Attesa di Pesakh, per un'Europa che non ha paura del futuro

Gianni Di Santo

La guglia di Notre Dame che prende fuoco in questi giorni di attesa di Pesakh, e le preghiere intonate a Maria lungo le strade di Parigi dalla gente arrivata in massa, sono l’ultimo avamposto della buona battaglia per un’Europa condivisa da tutti. Come i volti di Greta, e Antonio, che abbiamo raccontato in questo giorni di tempi confusi e frammentati anche attraverso le pagine di SegnoWeb, e gli altri volti della buona speranza che non hanno paura di un’Europa culla della civiltà e della solidarietà.

Una Pasqua tarda di duemiladiciannove vissuta tra incendi e sbarchi su sponda opposta, un venerdì santo di calvario e una Pasqua di risurrezione che raccontano meglio di altri una mappa dell’anima da ritrovare. Non solo per noi cristiani, affascinati dalla buona notizia. Anche una Pasqua laica, dove la risurrezione ha l’anima della salvaguardia del creato e dell’ambiente, perché solo se saremo capaci di rendere onore alla terra e al mare che ci hanno dato in prestito, allora forse anche i vicoli stretti della crisi economica sempre più asfissiante potranno trasformarsi in opportunità di crescita.

La risurrezione alla quale oggi ci aggrappiamo ha il sapore dei porti aperti, dei ponti ricostruiti, dei gesti di pace, dell’accoglienza senza se senza ma. È questa l’Europa che sogniamo. Pietro Pisarra, giornalista italiano che vive in Francia da più di trent’anni, scrive in un libro appena pubblicato da Ave, Europa una mappa interiore: «L’Europa è anche l'epica e il mito dei greci, le luci di al-Andalus e dei filosofi arabi, è l’eredità di Gerusalemme, dei suoi profeti e dei suoi sapienti. È il disincanto di Montaigne e il riso di Rabelais, la honra, l’onore per cui combatte don Chisciotte, sia pure contro i mulini a vento, l’utopia di Thomas More più che mai attuale, al tempo della Brexit. È la pietas di Enea che porta sulle spalle il padre Anchise. Perché l ‘Europa, terra di migranti, è meticcia e accogliente per definizione».
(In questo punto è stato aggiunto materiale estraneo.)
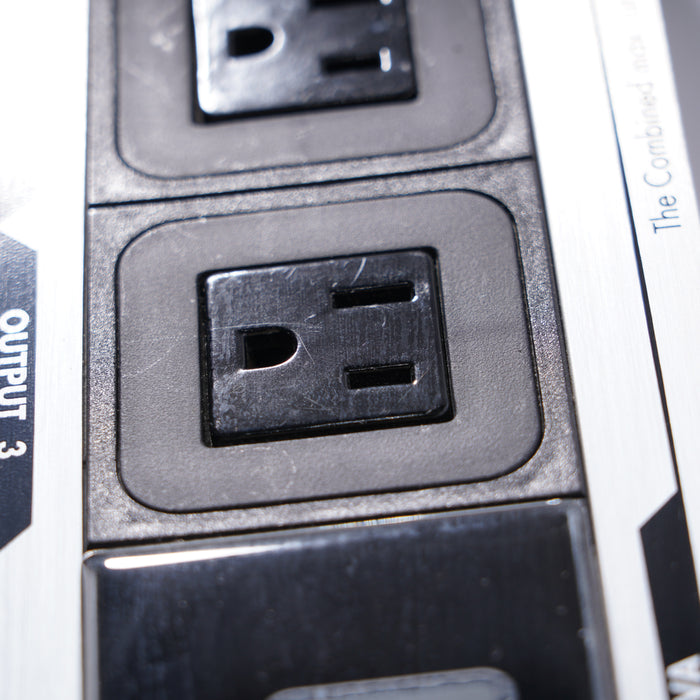 IsoTek EVO3 Sirius AC Power Conditioner; w/ EVO Premier Power Cable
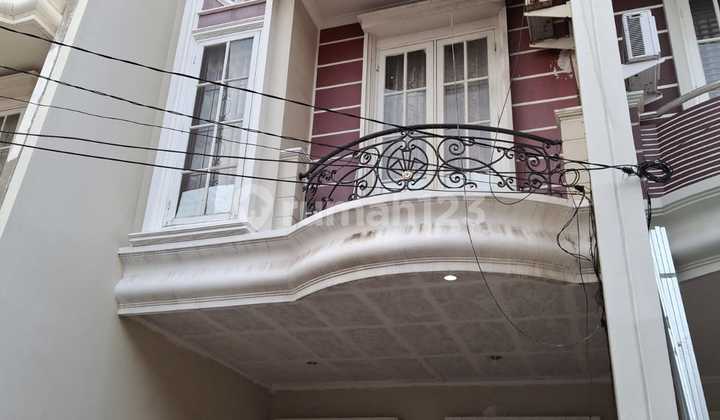 DISEWAKAN RUMAH 3LANTAI, GROGOL, BEBAS BANJIR, SANGAT STRATEGIS, Rp. 75jt/th nego (NSH 169) 2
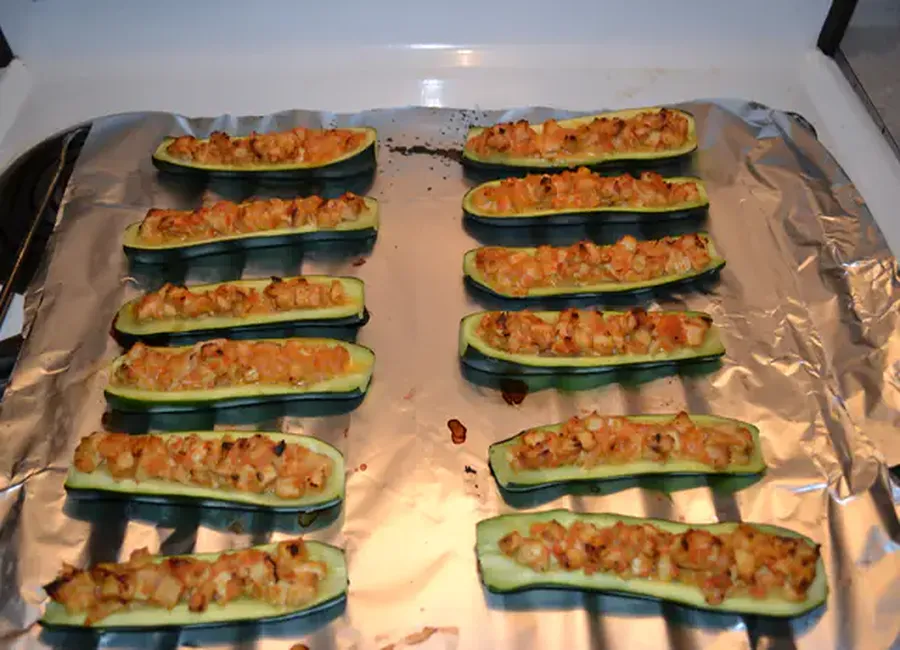 Courgettes farcies au poulet et au camembert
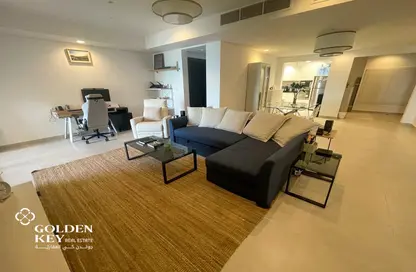 Apartment - 1 Bedroom - 2 Bathrooms for rent in Viva West - Viva Bahriyah - The Pearl Island - Doha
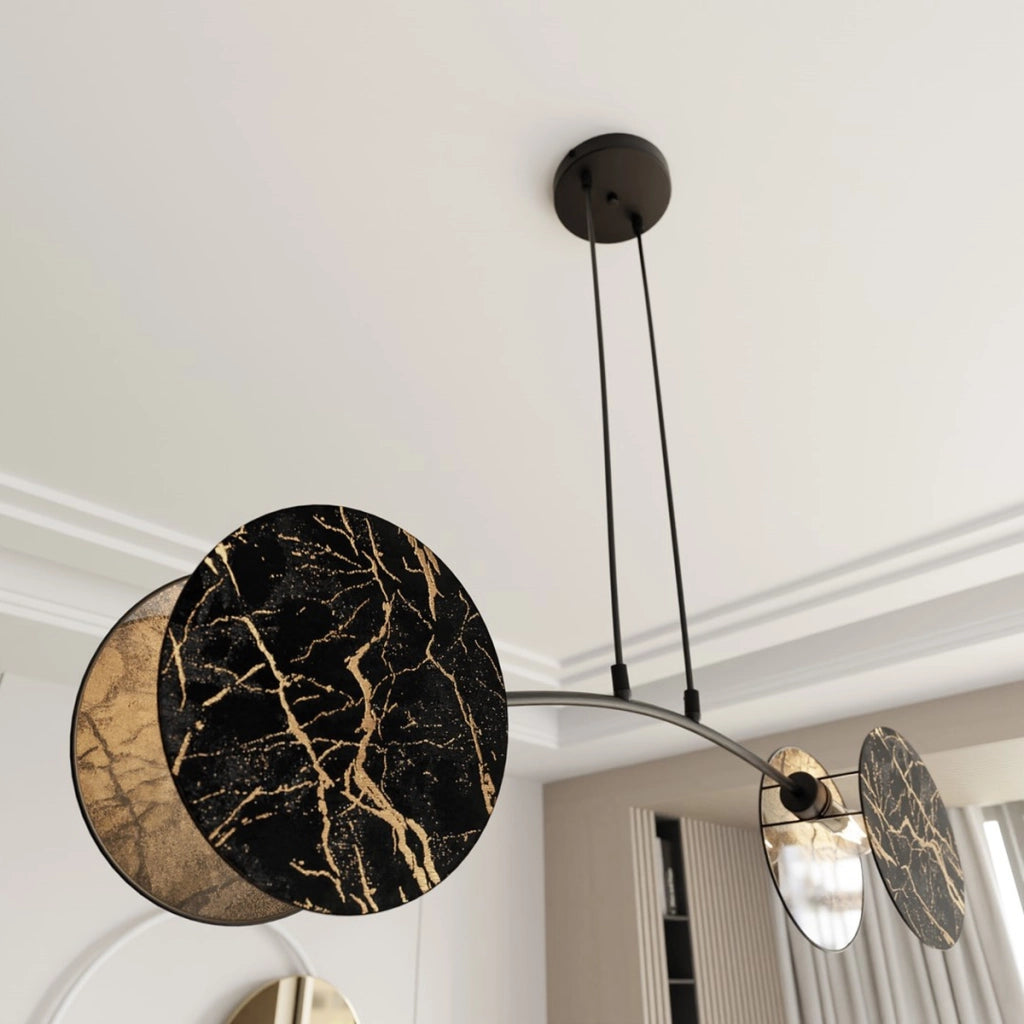 Lampada a sospensione MOTIF in acciaio nero con paralumi effetto marmo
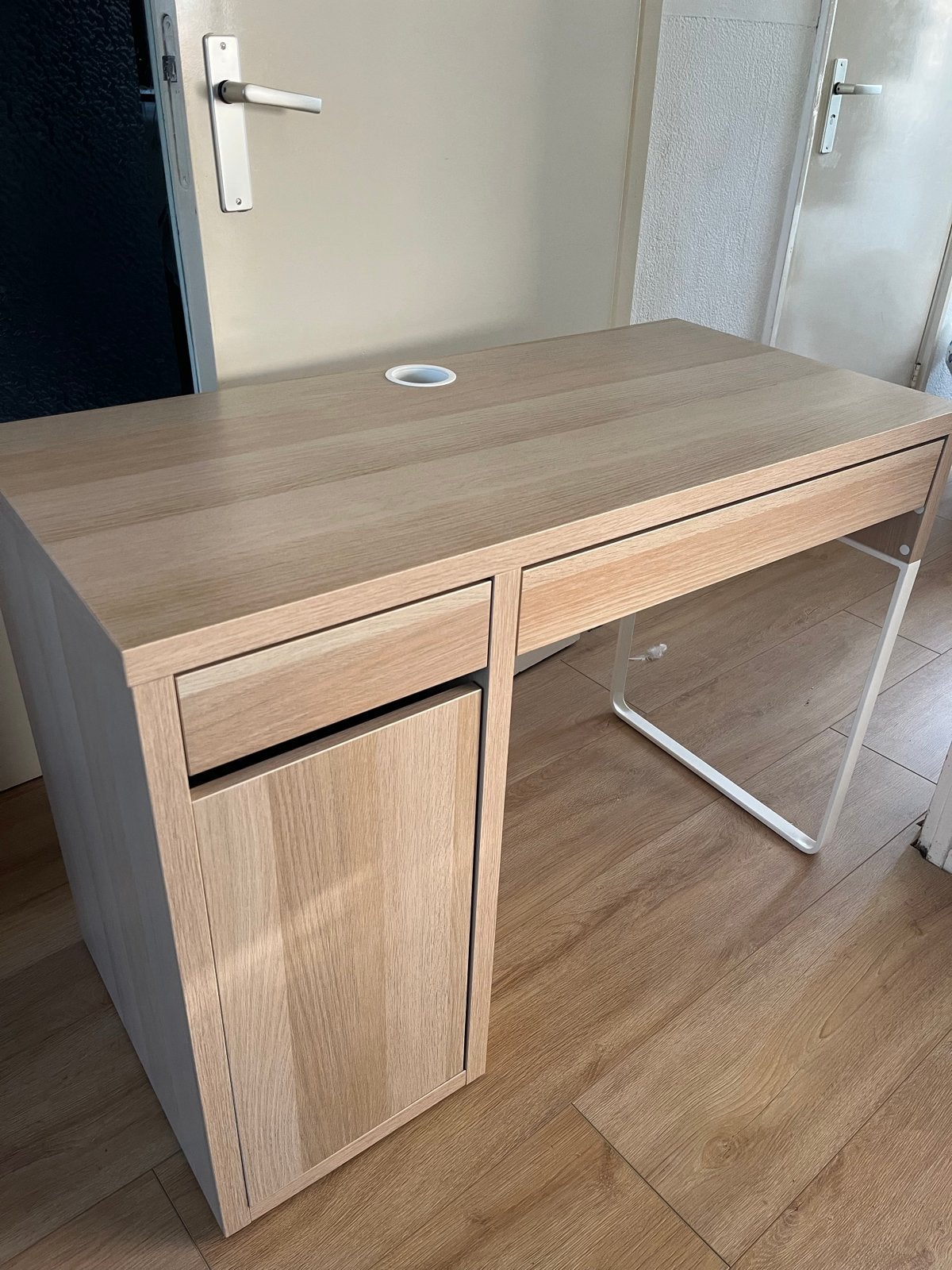 IKEA Micke bureau met opbergruimte en lades, Ophalen, Met lades, Spaanplaat of MDF, Zo goed als nieuw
Vogliamole bene, a questa Europa. Teniamola al riparo dagli impeti sovranisti. Sappiamo che c’è da fare molta strada, un lungo cammino esodale, quasi biblico. Di profeti ce ne sono pochi. Papa Francesco è uno di questi. Per fortuna rimangono i volti della gente semplice. I gesti. Le mani che sanno fare il pane. Il canto delle litanie di sud e di oriente. Gli occhi che sanno guardare oltre l’uscio di casa propria. E un’anima da riconquistare, perfino da innamorarsi di nuovo. Lungo le rotte di una nuova geopolitica dalle latitudini più allargate e dalle longitudini più azzardate. Se l’azzardo oggi è mettersi a lavorare con sorriso dalla riva opposta, per desiderio di democrazia e misericordia.

C’è spazio, in questo nuova Europa, per attesa di Pesakh buona. E allora, che anche questo seder di Pesakh, sia festa e benedizione. Perché mai come questa volta, la storia del popolo ebraico e il nuovo testamento cristiano che irrompe a trasformare il mondo, camminano lungo le lande polverose del deserto dell’intolleranza. E la liberazione dalle schiavitù di Egitto, oggi, può dirsi liberazione dai roghi di un’idea difensiva e sovranista sull’Europa che nulla ha che vedere con la memoria collettiva di un’umanità che cerca Dio. E incontra l’altro.

L’erba amara che mangiamo nella notte di Pasqua precede la coppa di vino buono e la carne squisita dell’agnello.

Che sia allora buona Pesakh. Per tutti. 

Attesa di Pasqua buona per un’Europa che non ha paura di futuro e di speranza.